Мне тогда показалось, что это и есть главный урок для мужчины – уметь отрезать всё лишнее, чтобы сохранить жизнь. И мне стало интересно, могу ли я вырезать из себя всё то, что мне мешает, качества, за которые мне стыдно и больно: страх, злость, ненависть, неуверенность в себе. Если я замечал в себе сильную эмоцию, я просто говорил себе: «Я этого не чувствую» – и запрещал себе об этом думать. Мне это на удивление хорошо удавалось, и близкие замечали резкие изменения к лучшему в моём характере, хвалили и благодарили рава Кантора. Мама со вздохом облегчения говорила:

– Мальчик остепенился. Мальчик повзрослел.

А отец с гордостью ей вторил:

– Не мальчик он больше. И не поющая баба в колготках! Мужчина!

Я не сопротивлялся и не возражал. Мне было приятно сделать им приятное. Приятность и благость окружала нашу жизнь четыре года, хотя в душе моей не всё было гладко.
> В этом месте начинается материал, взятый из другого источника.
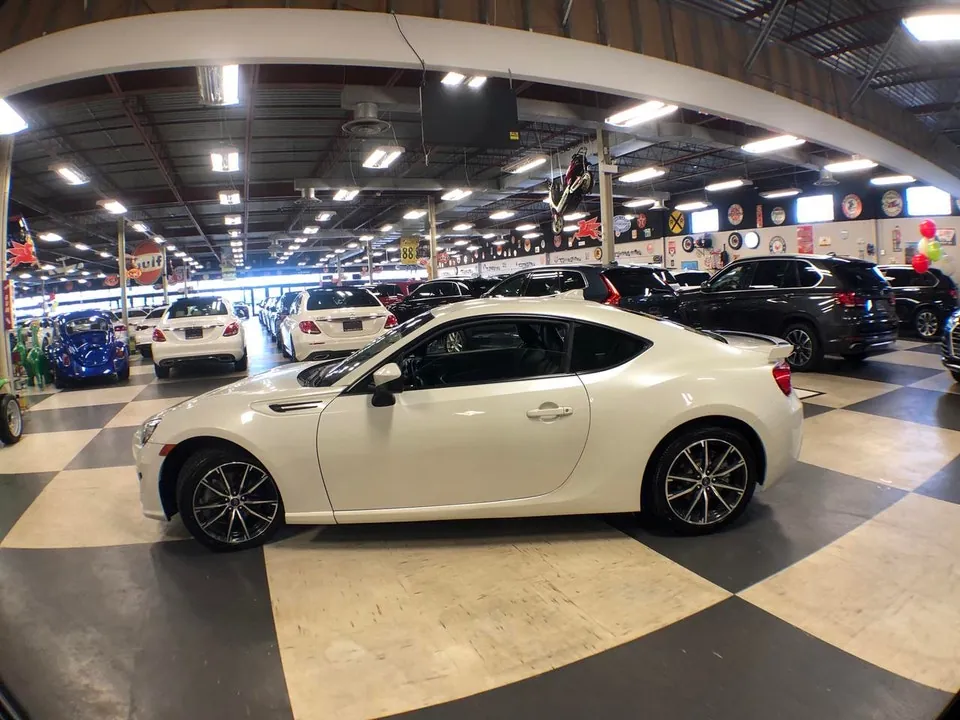 Subaru Brz 2018 photo 4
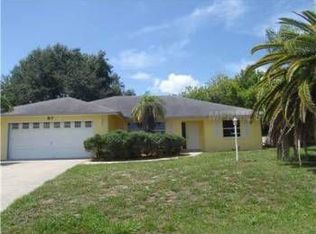 97 Mark Twain Ln, Rotonda West, FL 33947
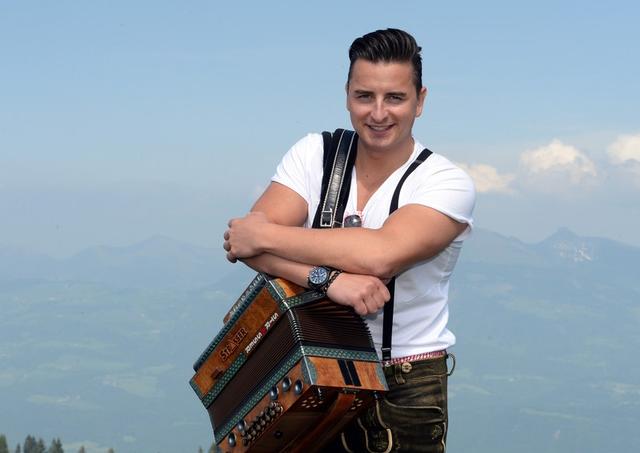 andreas_gabalier_201_1258.jpg andreas_gabalier_201_1258.jpg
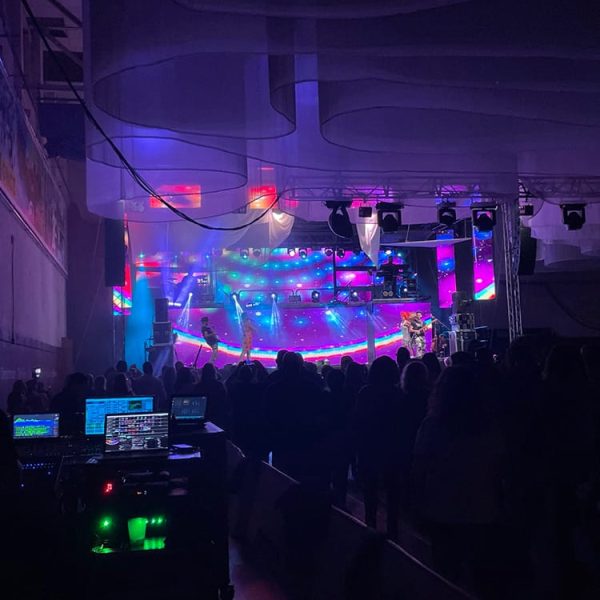 Festival con Pantallas Led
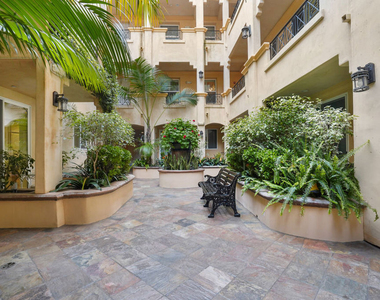 16123 W Sunset Boulevard - Photo Thumbnail 25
Я мучительно переживал неопределённость, ведь голос был зыбкий, как вода. Сегодня, кажется, льётся контртенор, а назавтра ты слышишь из своей гортани нечто вязкое, грязное, отвратительное. Баритон? Бас? А может, я и вовсе буду лишён всего, и лишь скрипящие намёки на голос будут болью отдавать в гортани… Зачем вообще нужно горло, если нет голоса? Зачем нужен орган, если нет в нём жизни? Лишь к семнадцати годам заискрилась надежда: голос стал обретать устойчивость и гибкость, и Анжела отвела меня к лучшему преподавателю классического вокала в наших краях. Он вынес вердикт: лирический тенор. Конечно, потом мне не раз говорили, что и драматическому тенору мой голос не чужд, но тогда мне нужен был какой-нибудь один авторитет, который решит раз и навсегда, что мне делать со своей жизнью. И он появился. Александр Петрович стал моим новым богом, учителем, которому передала меня из рук в руки Анжела, при этом сохранив мне возможность репетировать с ней то, что задавал профессор. Мне казалось, что я обрёл свой рай. Иметь лирический тенор – это как вдруг стать Паваротти. Мне казалось, что теперь-то у меня проблем не будет, ведь у меня есть такой большой голос, какого не было ещё ни у кого не только в нашем городе, но и, возможно, во всей стране. Таких голосов – один на миллион, и этот счастливый билет выпал мне. Знать бы тогда, что на пути у меня будет ещё очень много преград и какие это будут преграды! Возможно, я бы тогда содрогнулся и свернул бы с пути. Но самая главная проблема в жизни, а для кого-то, наоборот, благо – это незнание. Мы не знаем, что ждёт нас впереди, поэтому и идём, как слепцы, на пожар.